Khomenko is one of 14 female artists featured in a new exhibit, “Women at War.”

The exhibition, which features photographs of life in a war zone, ink drawings depicting childhood in an occupied town in eastern Ukraine and graphic depictions of violence against women in wartime, was inaugurated at the Fridman Gallery in New York.

Monika Fabijanska, the curator, told CT Examiner she hopes the exhibit will refocus public attention on the now six-month-old war, after the summer holidays and the passing of time.

ECSU curator Julia Witner said she thinks the exhibit will expose students to a part of the world they wouldn’t otherwise have access to in their “quiet corner” of the state.

“Our students are often Connecticut-based and Connecticut-born and Connecticut-raised,” Witner said. “So for them to see the true work of art that [were] produced recently in reflection on this current war is perhaps a life experience…a revealing event.

Lesia Khomenko, Max in the army

The exhibition includes four paintings by Khomenko: the portrait of her husband and three paintings of masked or pixelated soldiers’ faces.
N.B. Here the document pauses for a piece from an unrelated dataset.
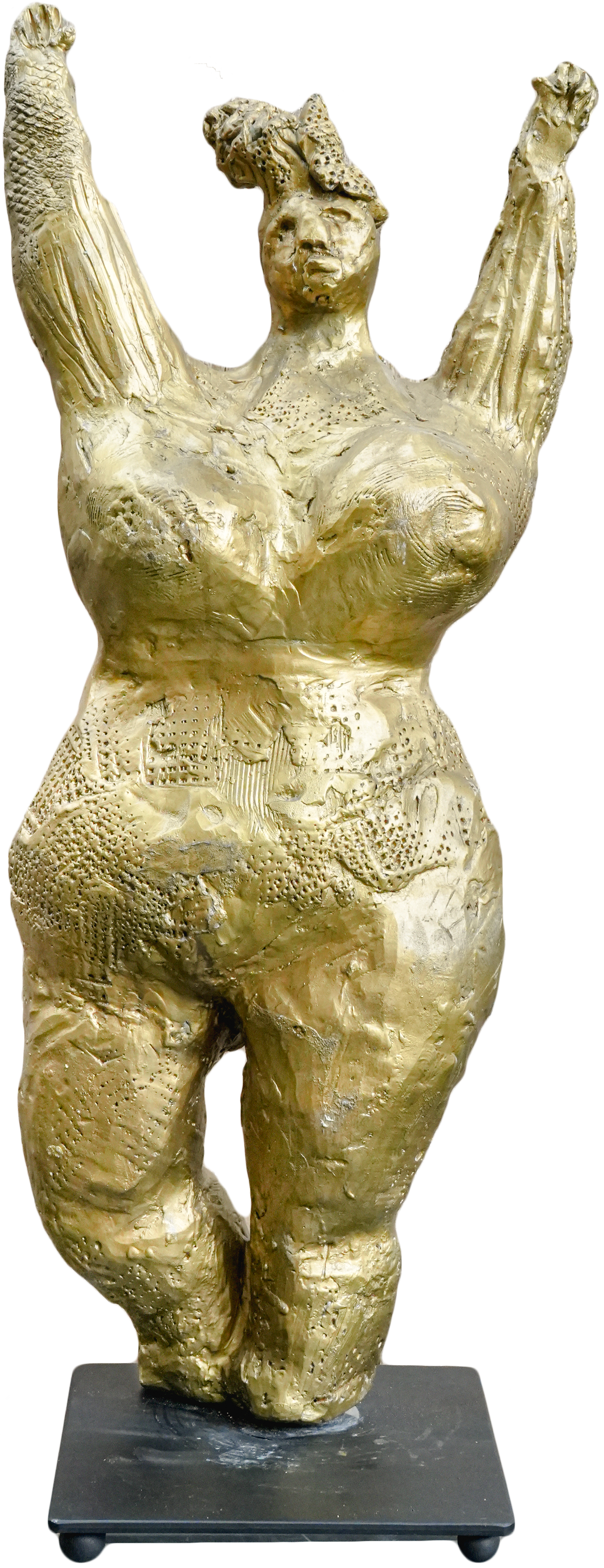 A gold sculpture of a female figure with arms raised, featuring exaggerated and textured facial and body features, mounted on a black base.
Khomenko said she based these paintings on selfies she found on the internet, which soldiers often take when they receive aid packages. But the soldiers or outside groups who come to the aid of the Ukrainians blur the faces of the soldiers because it would be too dangerous for them to be recognized.

Khomenko said she sees these photos — pixelated, blurred and altered — as almost a new kind of human who was part robot. She said she wanted her paintings to be “a bit creepy” to emphasize the dehumanization of these photographs. She compared the war photographs that flooded the internet to “pornography.”

“Our internet is full of disgusting corpses. And we as a society since March have been looking at bodies every day,” she said. “I think in the next few years…it will change society – not just society Ukrainian.

“Everyone is a loser”

The artwork dates back to 2014 and the first Russian invasion of Crimea, and the ongoing conflict in the eastern region of Ukraine, known as Donbass, between Russians, Russian-backed separatists and Ukrainian soldiers. Winter noted that Ukrainians view the latest invasion not as a new war, but as a continuation of this eight-year-old conflict.

The choice to focus on female artists stems in part from Fabijanska’s own training as a feminist historian. She said that women’s stories often get lost in historical accounts of events and that war is a central part of human history.

“I’m really curious [to hear] their voices and imagining them as witnesses and as those who write history, because of course art is also a document of history,” she said.

Witner pointed out that women currently make up around 25% of fighters in Ukraine, in addition to having to take care of homes and children. She said it was a testament to the strength of women.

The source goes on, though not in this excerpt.